What brings about low back pain?

Low back pain may be triggered by a several factors from injuries to the effects of aging. The spinal cord is shielded by the vertebrae, which are composed of bone. Between each vertebra are soft discs with a ligamentous outer layer. These disks work as shock absorbers to protect the vertebra and the spinal cord. A number of the problems that cause back pain are the result of herniation and degeneration of the intervertebral disc. Degeneration is a process whereby wear and tear causes degeneration of the disk. Herniations, or bulging of the disk are protrusions from the disk that press on surrounding nerves, triggering pain or numbness.

If I undergo Spinal Decompression therapy, how much time does it take to see results?

The majority of patients see a decrease in pain after the first handful of sessions. Normally, significant improvement is obtained by the second week of therapy.

How much time does it take to finish Spinal Decompression treatment?

Patients remain on the system for 30-45 minutes, everyday for the first two weeks, three times a week for the following 2 weeks, and followed up by two times a week for the last two weeks.

Do I qualify for Decompression treatment?

Since I began using Spinal Decompression spinal disc decompression device, I’ have been flooded with questions from both doctors and patients as to which cases it will best help. Obviously proper patient selection is essential to favorable results, so let me explain to you of the Inclusion and Exclusion criteria so you can make the appropriate decision since not everyone qualifies for Spinal Decompression treatment.

Inclusion Criteria:

  • Pain caused by herniated and bulging lumbar discs that is in excess of four weeks old
  • Recurrent pain from a failed back surgery that is at least 6 months old.
  • Consistent pain from degenerated disc not reacting to 4 weeks of treatment.
  • Patients available for 4 weeks of treatment.
  • Patient at least eighteen years of age.

Exclusion Criteria:

  • Appliances like pedicle screws and rods
  • Pregnancy
  • Prior lumbar fusion less than 6 months old
  • Metastatic cancer
  • Extreme osteoporosis
  • Spondylolisthesis (unstable)
  • Compression fracture of lumbar spine below L-1
  • Pars defect.
  • Pathologic aortic aneurysm.
  • Abdominal or pelvic cancer.
  • Disk space infections.
  • Severe peripheral neuropathy.
  • Hemiplegia, paraplegia, or cognitive dysfunction.

Is there any side effects to the therapy?

The majority of patients do not experience any side effects. There have been some mild cases of muscle spasm for a quick period of time.

How does Spinal Decompression separate each vertebra and enable decompression at a certain level?
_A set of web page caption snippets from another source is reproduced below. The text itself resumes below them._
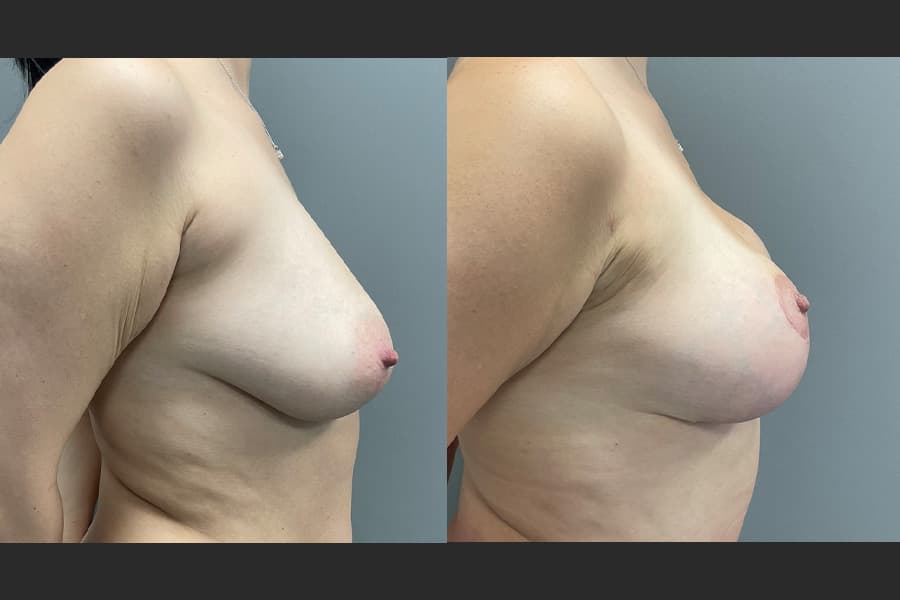 Before and after photograph of a patient of Dr. Karan Mehta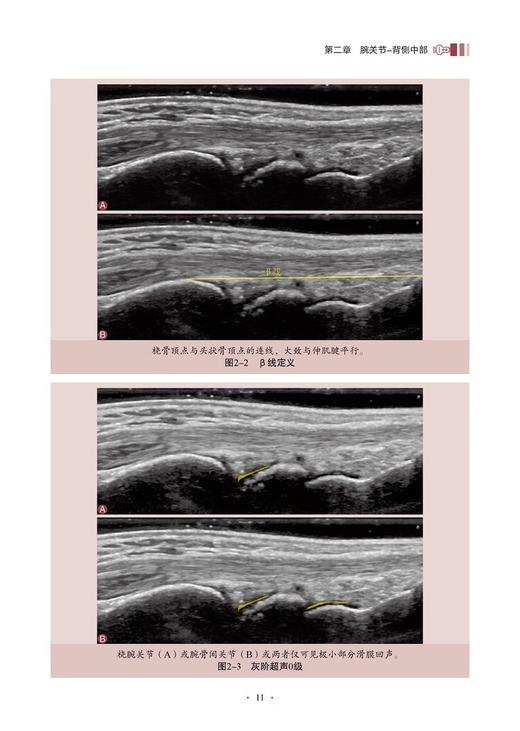 关节滑膜炎超声图谱 关节炎症的超声量化评分系统 滑膜炎灰阶超声评分规则 主译丁红 蔡叶华 科学技术文献出版社9787523514870 商品图4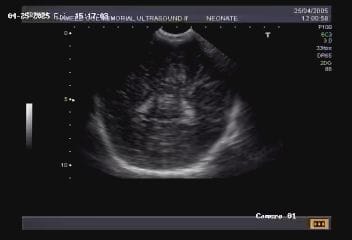 Nuero sonography image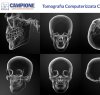 https://www.tp24.it/immagini_articoli/07-04-2023/1680858476-0-la-tc-cone-beam-al-centro-campione-diagnosi-rapida-delle-patologie-facciali.jpg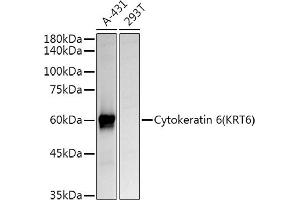Western blot analysis of extracts of various cell lines, using Cytokeratin 6 (KRT6) Rabbit pAb antibody (ABIN6129605, ABIN6143033, ABIN6143034 and ABIN6223467) at 1:1000 dilution. (KRT6A antibody  (AA 305-564))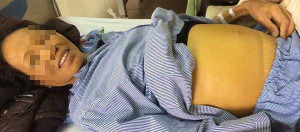 Bệnh viện K: Bệnh nhân đang mổ vẫn tỉnh táo nói chuyện với bác sĩ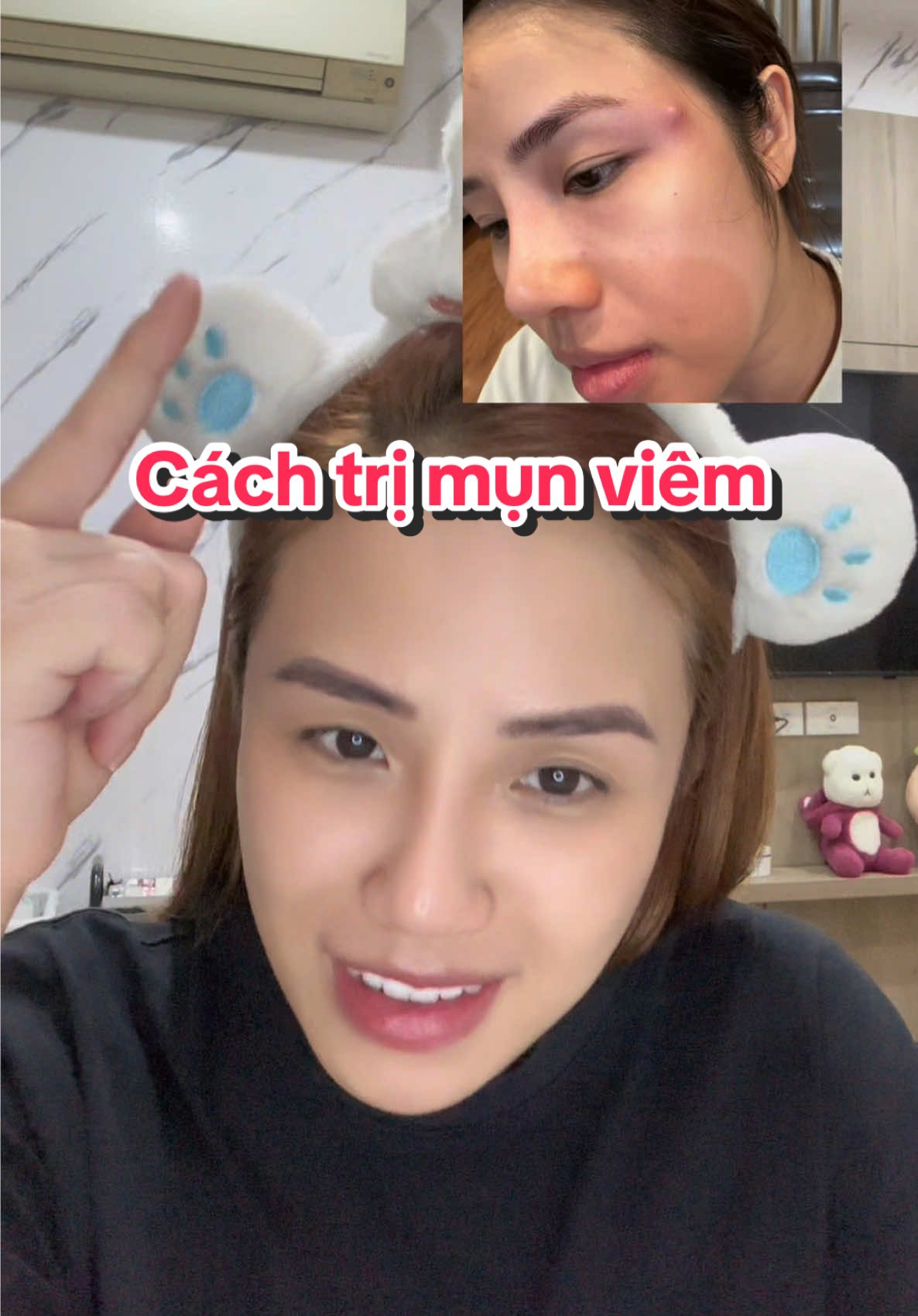 Cách mà mình đã dùng để trị mụn viêm sưng to 😭😭 #detoxblanc #mask #dadau #peelacnesblanc #chamsocda #chamsocdamun #xuhuong #chit93review 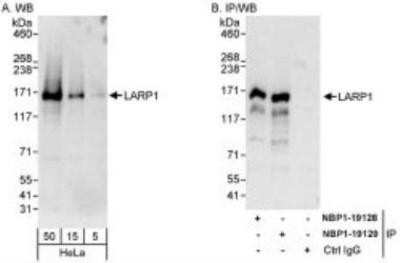 Western Blot: LARP1 Antibody [NBP1-19129]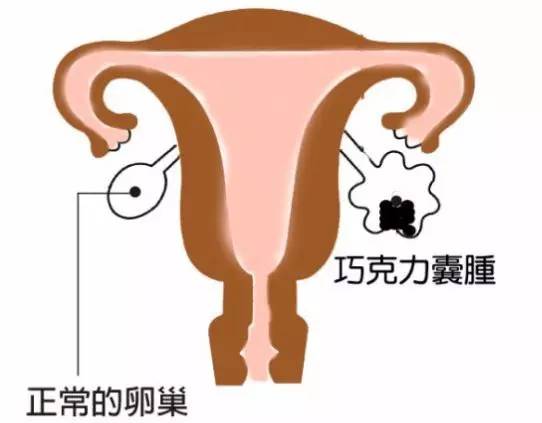 巧克力囊肿能吃药治好么,巧克力囊肿最新治疗方法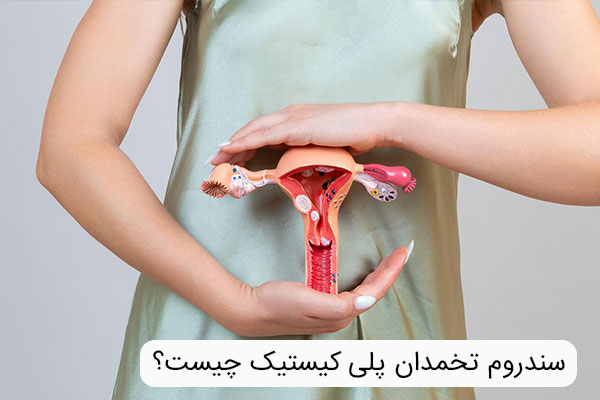 سندروم تخمدان پلی کیستیک چیست؟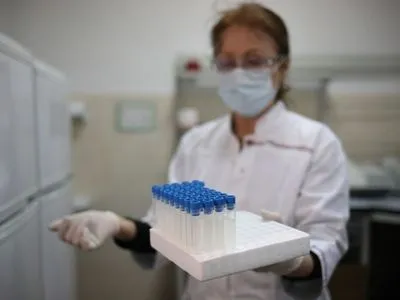 МОЗ: за добу в Україні 325 нових інфікування коронавірусом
Decompression is obtained by using a specific mix of spinal positioning and varying the degree and level of force. The key to producing this decompression is the soft pull that is created by a logarithmic curve. When distractive forces are produced on a logarithmic curve the typical proprioceptor response is avoided. Eliminating this response allows decompression to occur at the targeted spot.

Are there any risks to the patient during therapy on Spinal Decompression?

Absolutely Not. Spinal Decompression is entirely safe and comfortable for all subjects. The system has emergency stop switches for both the operator and the patient. These switches (a requirement of the FDA) cancel the treatment immediately thereby avoiding any injuries.

How does Spinal Decompression therapy differ from regular spinal traction?

Traction is useful at treating some of the conditions arising from herniated or degeneration. Traction can not address the source of the problem. Spinal Decompression generates a negative pressure inside the disc. This effect causes the disk to pull in the herniation and the increase in negative pressure also triggers the flow of blood and nutrients back into the disc allowing the body’s natural fibroblastic response to heal the injury and re-hydrate the disc. Traction and inversion tables, at best, can lower the intradiscal pressure from a +90 to a +30 mmHg. Spinal Decompression is clinically proven to reduce the intradiscal pressure to between a -150 to -200 mmHg. Traction leads to the body’s normal response to stretching by generating painful muscle spasms that exacerbate the pain in affected area.

Can Spinal Decompression be utilized for patients that have had spinal surgery?

Spinal Decompression treatment is not contra-indicated for patients that have had spinal surgery. Plenty of patients have found success with Spinal Decompression after a failed back surgery.

Who is not a candidate for Spinal Decompression treatment?

Anyone who has recent spinal fractures, surgical fusion or metallic hardware, surgically repaired aneurysms, infection of the spine, and/or moderate to extreme osteoporosis.

Who is a candidate for Spinal Decompression?

Anyone who has been told they need surgery but wants to avoid it, anyone who has been advised there is nothing more offered to help, anyone who failed to significantly respond to conservative methods (medications, physical therapy, injections, chiropractic, acupuncture), or anyone who still has pain but wishes to obtain the type of care they want.